A House in Order
Page 9
After the same laughter and noise as before, there was dead silence again and the first spokesman got up to ask the Colonel questions. They must have been harmless enough – only the sort of legal questions that are put to a man whom everyone knows as if in fear that he is not that person after all: the colonel answered them plainly and easily. Once, he added an extra word or so after a pause, in a lazy way, and all the witnesses in our row broke into a grin, as if to say: ‘Yes, that’s the man we know!’, and even the young officer lost his tense look and seemed happy to admire his chief. But for me, it was all a dumb-show, understanding nothing, so that no matter how much they talked I had only their faces to judge by until my own turn came.

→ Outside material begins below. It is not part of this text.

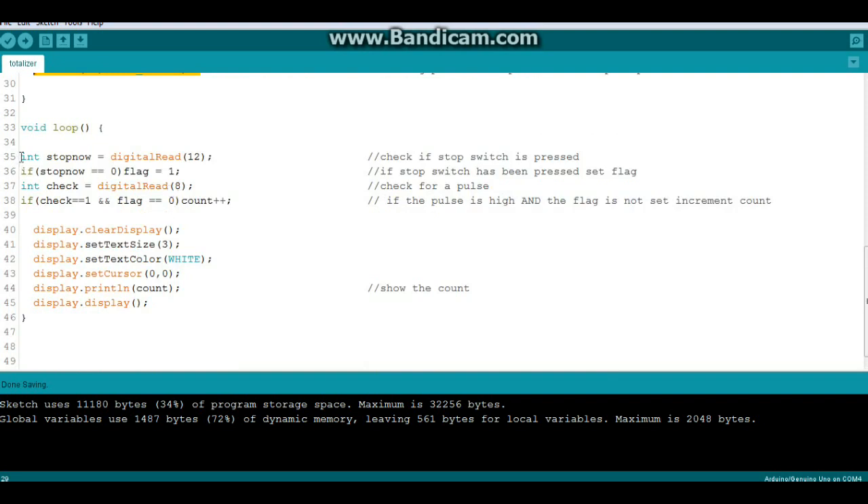In our loop, the first thing we do is check to see if the button has been pressed. We create an integer variable called stopNow and do a digital read of pin 12. If the switch was pressed — if stopNow equals zero — then flag equals one. We then check the digital read of pin 8 to see if a pulse came in. If check equals one and the flag is not set (flag equals zero), we increment the count by one. Then we clear the display, set our text size, set our text color, put the cursor, and do a display println of count. And display, display — that's it.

This happened first when the clock showed three. Because the whole story began with me, I suppose, I was the first proper witness – and everybody looking at me with a lot of attention, as well they might, because but for me they could all have stayed at home. My guards stood me up and all four spokesmen took turns to have a shy at me – every single question that I had answered over and over again ever since the day I arrived in autumn – who I was, how I had spent my life, whether I was famous as a grower, etc., etc. It was all news to most of them – and every word I said scribbled down in earnest by all parties as if vital. But it was the first spokesman, who stood for the Prison Commissioners, who kept me longest about my history, trying to make it sound secret and me a dangerous person:
Q: For how many years have you drawn maps?
A: Since I was twenty-two.
Q: So, if you are now forty-four, you have had twenty-two years’ experience as a cartographer?
A: Yes, sir.
Q: The firm you worked for – did it ask you for maps of a local or general nature?
A: I did both, sir.
Q: Accurate, detailed, scale maps?
A: Oh, yes.
Q: They were published?
A: Oh, yes.
Q: By whom?
A: Dunstable & Praeger, sir.
(This had to be written down, with the full address.)

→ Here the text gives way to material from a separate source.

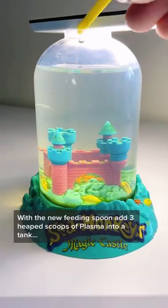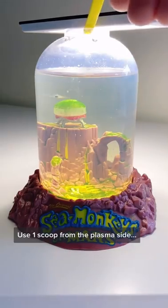With the new feeding spoon, add three heaped scoops of plasma into your tank. And if you have the old spoon, use one scoop from the plasma side.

Q: Could you draw the geography of this country from memory?
A: Oh, no.
Q: What! With twenty-two years’ experience?
A: I was never very interested in my work, sir. It was only my living.
Q: However, your Army was very interested in your work, wasn’t it?
A: I was called up, sir.
Q: Exactly so. And after preliminary training, this was the area to which you were sent?
A: Yes, sir.
Q: And yet you say that you could not draw the geography of this area from memory?
A: Not accurately, sir.
Q: That is not the reply you gave before, is it?
A: I don’t remember, sir.
Q: The Court remembers … At whose suggestion did you remain behind when your battalion surrendered?
A: At nobody’s, sir.
Q: You ask us to believe you were such a coward, you hid when the rest surrendered?
A: I have always said that, sir.
Q: I am aware that you have always said that. It is the story you told the Colonel, is it not? That officer over there?
A: Yes.
Q: You told him you were a frightened horticulturist with no interest in maps and no motive but to save your hide?
A: Yes, sir.
Q: And you told him that you had sat on his doorstep for a whole day, hoping to attract his attention?
A: Yes, sir.
Q: And he was happy to believe this tale?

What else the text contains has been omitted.